10. S.256 Cr.P.C.: Death of the complainant

(Such a contingency will not happen in a summons case instituted on a “police report” since in such a case “State” is the complainant.)

  • There is no specific provision in the Cr.P.C. to the effect that on the death of the complainant, the complaint will abate. Adjourning the case consequent on the death of the complainant is within the powers of the Magistrate under Section 256 Cr.P.C. If in the meanwhile, one of the legal representatives of the deceased complainant or an otherwise fit and proper person comes forward seeking permission to continue the proceedings, it is within the powers of the Magistrate to permit such person to continue the proceedings. (Vide Santhi Balagopan v. Benilde 1992 (2) KLT 488 –Balanarayana Marar – J.)
  • Upon the death of the complainant, his legal heirs can file a petition under Section 302 Cr.P.C. seeking permission to continue the prosecution. (Vide Balasaheb K. Thackeray v. Venkat (2006) 5 SCC 530 = (2006) 3 KLT 509 – Arijit Pasayat, C. K. Thakker – JJ.)
  • Even though the absence of the complainant on the day fixed for the hearing may entail the dismissal of the complaint and acquittal of the accused, in a case where the absence of the complainant is due to his death, the Magistrate can adjourn the hearing of the case and permit the son of the deceased complainant to proceed with the complaint. (Vide Jayarajan v. Jayarajan 1992 (2) KLT 586 – Pareed Pillai – J.)

11. S.257 Cr.P.C.:

(Section 257 Cr.P.C. applies only to summons cases instituted on private complaints (Vide para 11 of Y. P. Baiju v. State of Kerala 2007 (4) KLT 1082 – R. Basant – J.)

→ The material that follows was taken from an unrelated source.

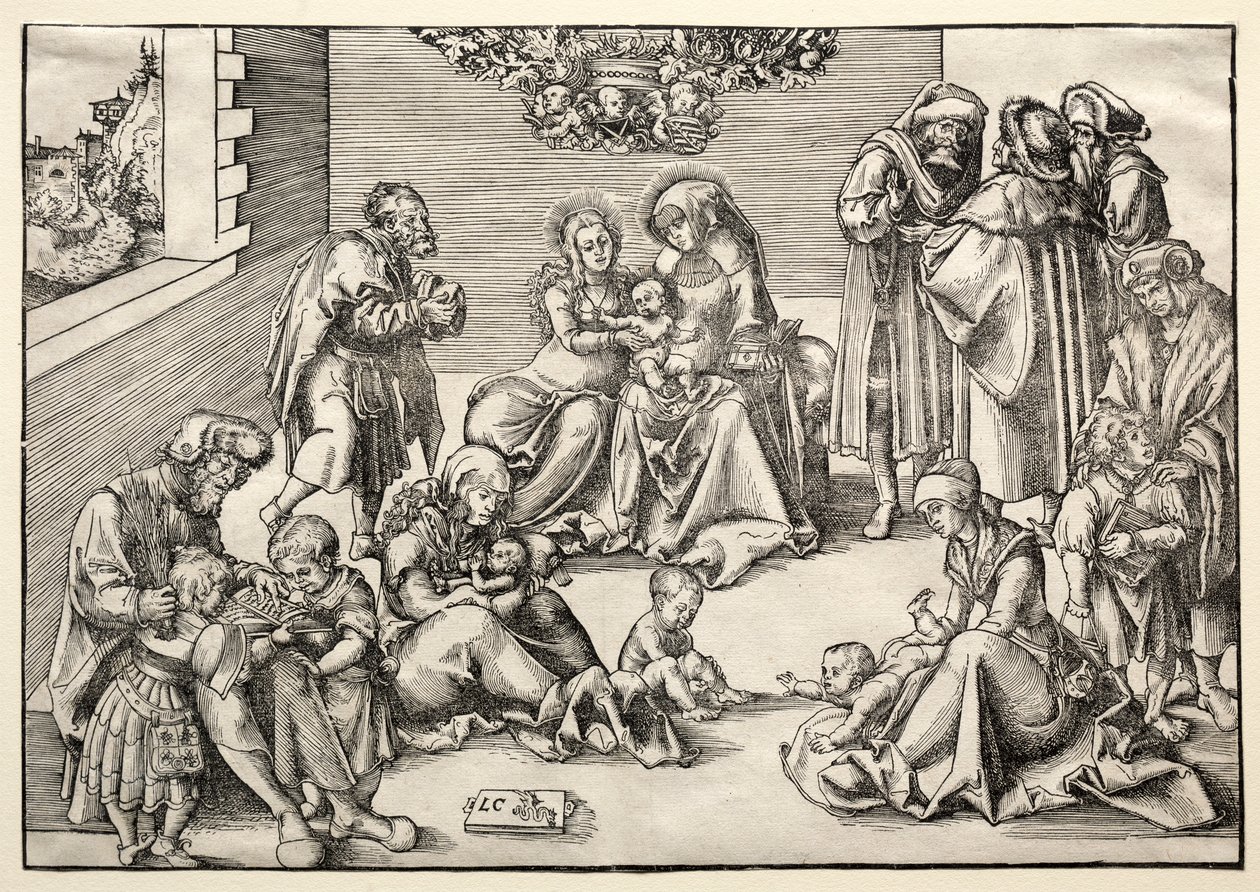 Den hellige familie og slægtninge. af Lucas Cranach the Elder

  • The withdrawal of the complaint and consequent acquittal of the accused in a summons case instituted on a complaint cannot be made in the absence of a request for withdrawal by the complainant. (Vide B. Udayakumar v. Boban K. P. 2007 (3) KLT 247 – K. Hema – J.) In the absence of compliance with the pre-condition in the form of a request for exercising jurisdiction under Section 257 Cr.P.C., the matter remitted to the trial court for deciding afresh in accordance with law. (Vide Provident Fund Inspector, Tirupati v. Madhusudana Chaudhury (2000) 9 SCC 506 – G. B. Pattanaik, M. B. Shah – JJ.)
  • A complainant figuring as a public interest litigant, after pursuing his case against quashing of the criminal proceedings up to the Supreme Court, not justified in seeking withdrawal of his complaint. Instead, he ought to have submitted to the discipline of the Court. (Vide Sampath Singh v. State of Haryana (1993) 1 SCC 561 – S. Ratnavel Pandian, K. Jayachandra reddy – JJ.)

12. S.259 Cr.P.C.:

Conversion of summons-case into a warrant-case

  • This Section which is a new provision empowers the Magistrate to convert a summons-case into a warrant-case if –
  1. the offence is punishable with imprisonment for more than 6 months, and
  2. if the Magistrate is of the opinion that it would be in the interest of justice to try the case in accordance with the procedure for trial of warrant-cases. The words “re-hear the case” indicate that the Magistrate should commence the proceedings de novo i.e. from the very start.

The provisions of “summary trial” contained in Sections 262 to 265 Cr.P.C applicable for the trial of offences under the Negotiable Instruments Act, 1881 cannot be converted into warrant trial by pressing into service Section 259 Cr.P.C. (Vide Steel Tubes of India v. Steel Authority of India 2006 Cri.L.J. 1988 (MP) – S. L. Kochar – J).